The Liverpool Philharmonic Orchestra is the oldest in the world, receiving Royal patronage in 1957.
Dave has many fond memories of playing the organ at various presentations when films were shown on the famous wondrous Walturdaw cinema screen. This rare and unique counterbalanced cinema screen is concealed beneath the stage and at the touch of a button rises majestically centre stage helped by the live accompaniment provided by organist Dave. Walturdaw screens were used in theatres and concert halls for many years. The Liverpool Philharmonic Hall’s screen is now the only one in existence and far from being a piece of cinematic history, it is used frequently when classic films are presented to sold out houses.
Such film programmes are enhanced with a live orchestra backing. Dave plays an important role too in helping to create the unique atmosphere at these screenings at the Philharmonic. For instance, at one such film presentation he provided the solo musical accompaniment to Alfred Hitchcock’s 1927 silent feature “The Lodger”, a first for the organ to accompany an entire film classic. He is also known for playing musical introductions before film screenings.

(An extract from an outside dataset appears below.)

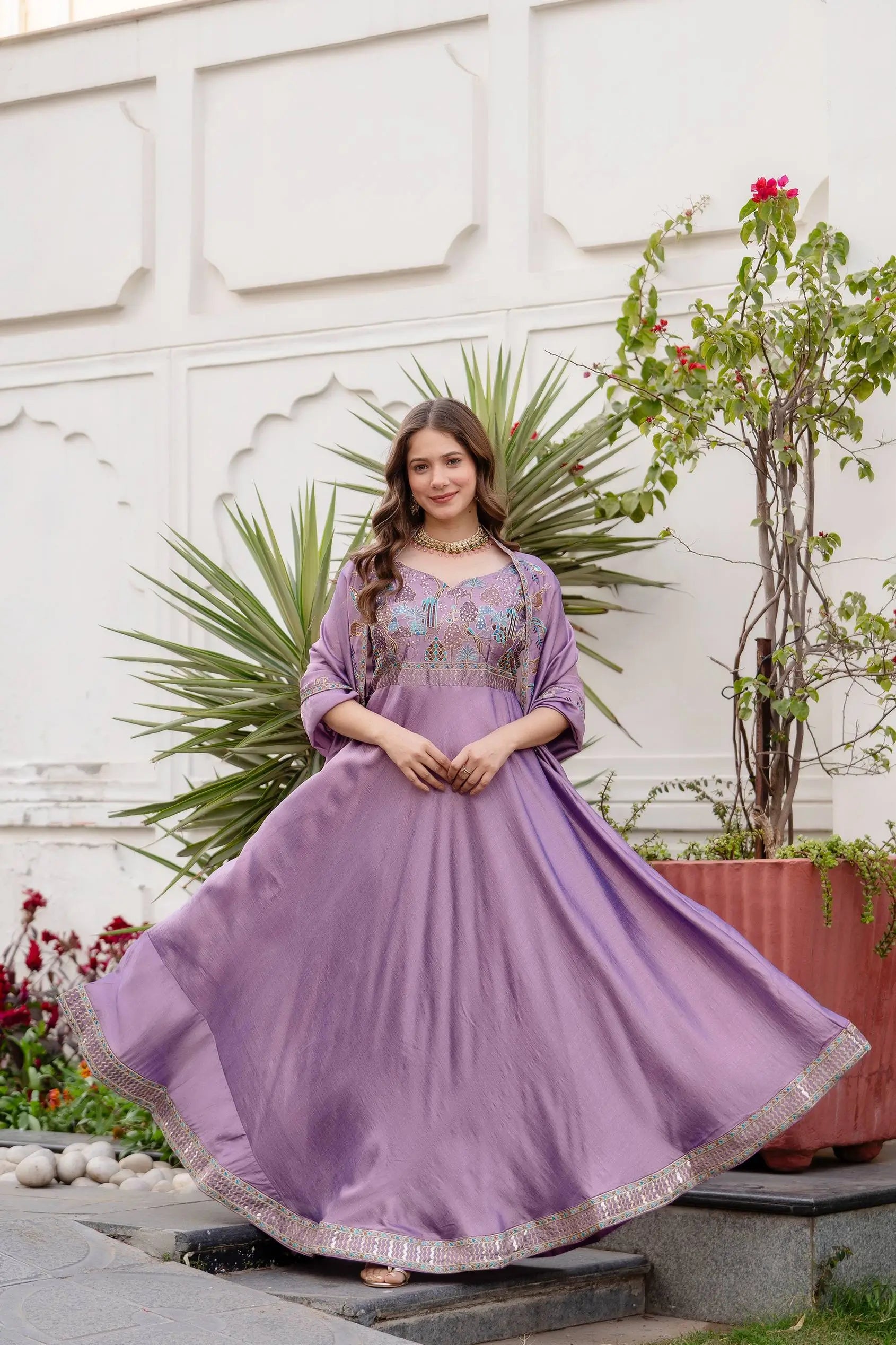 Embroidered Vichitra Silk Gown with Dupatta for Festive and Party Wear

A special celebration reception was held for Dave Nicholas on the 10th June 2019 at the Liverpool Philharmonic Hall when the Chief Executive, Michael Eakin presented Dave with a diploma on stage, acknowledging more than 30 years association with the Royal Liverpool Philharmonic as their resident organist, together with a certificate from Liverpool Cathedral signed by professor Ian Tracey, Organist Titulaire, confirming that a French Horn D3 8ft Solo division has been adopted in his name.
Dave Nicholas has always taken the opportunity of playing organs during meetings and concerts at cinemas and theatres around the country including – the Pyramid(Odeon) Sale, Ritz Barnsley, Odeon and Gaumont Manchester, Apollo Ardwick, Ritz Stockport, Ritz Huddersfield, Essoldo Clacton, ABC Carlton Liverpool, Plaza Waterloo, Mayfair Aigburth, ABC Regal Chester, Odeon Southend, Granada Grantham, Astoria Hull, Hull City Hall, Gaumont Chester, Ritz Ipswich, Plaza and Ritz Birkenhead, Rialto Bebington, Winter Gardens New Brighton, Regal Sunderland, New Gallery Regent St, London. Odeon Leicester Square, Astra Llandudno.
He played in Frankfurt 1968 and did duets with Reginald Dixon. Dave commands an amazing recall of these events, the individual characteristics and history of the cinema organs in their various cinemas which he shares with enthusiasts throughout the UK and worldwide.